San Jose – Almaden Street Station: San Jose has a medium-sized CBD, roughly comparable to Providence or Burbank, but Diridon Station is separated from it by a freeway. Since there’s already a plan to spend large amounts of money of turning it into a multi-level train station, which the local technical activists have dubbed Diridon Intergalactic (or Pangalactic), why not also move the station? Trains could go on an alignment like this, elevated over Almaden, on a viaduct dedicated to Caltrain and HSR so that only four tracks would be needed. It would also bypass the current reverse curve between Tamien and Diridon, obviating the need for an iconic bridge. In a realistic, cost-conscious blended plan this is too expensive, but they should at least compare the cost with both a blended plan and the proposed full-fat business plan before rejecting it.
San Francisco – Embarcadero Station: with Transbay Terminal facing every planning and constructibility problem known to humanity, and the current terminal at 4th and King too far from the CBD, why not extend the trains under King Street and then the Embarcadero and build a station near the Ferry Building? Building this close to water is a nightmare, and the curve from King to the Embarcadero may be too sharp, but at least this connects to BART directly and has no station length constraints. On the third hand, the Embarcadero is wide but possibly not wide enough for three platforms and six tracks.
Tilting HSR: tilting HSR trains are either relatively low-speed (the Pendolino is limited to 250 km/h, with a few derivatives capable of a bit more) or relatively low-tilt (Talgos are capable of 180 mm of cant deficiency, and the latest Shinkansen trains have active suspension allowing up to about the same for the E5 Series.
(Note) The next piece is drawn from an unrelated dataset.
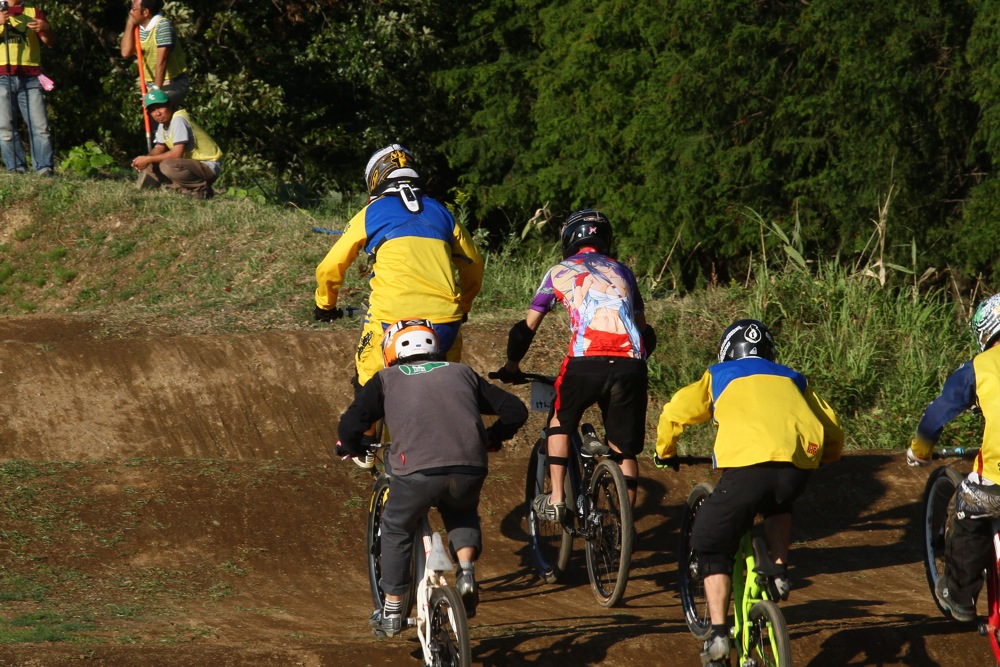 2011 JOSF 10月 緑山定期戦 vol.04 MTBエキスパート決勝_b0136231_2111397.jpg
However, trains capable of 250 mm cant deficiency and 360 km/h are feasible; this is the main subject of Martin Lindahl’s thesis, which I (and others) have been quoting as a ready source of HSR track standards around the world. That said, probably the only place in the world that needs such trains is the Northeast Corridor, due to its unique combination of long straight stretches, on which very high speeds are possible or could be with minor infrastructure upgrades, and long curvy stretches, on which even major upgrades could not bring up to full HSR standards.
Catenary-free HSR: there’s new technology for catenary-free light rail, which is intended for use in historic city centers with aesthetic opposition to trolleywire. The contactless power supply is buried under the tracks, with each segment activated only when a train is completely above it. Although the technology is still low-speed, it could be useful for HSR. Pantographs generate disproportionate noise at high speeds, and Japan specifically has been squeezing every possible decibel out of low-noise pantographs. Being able to eliminate the pantograph would carry this to its logical conclusion. On the margins, it would also permit narrower rights-of-way, since no space for catenary poles would be needed.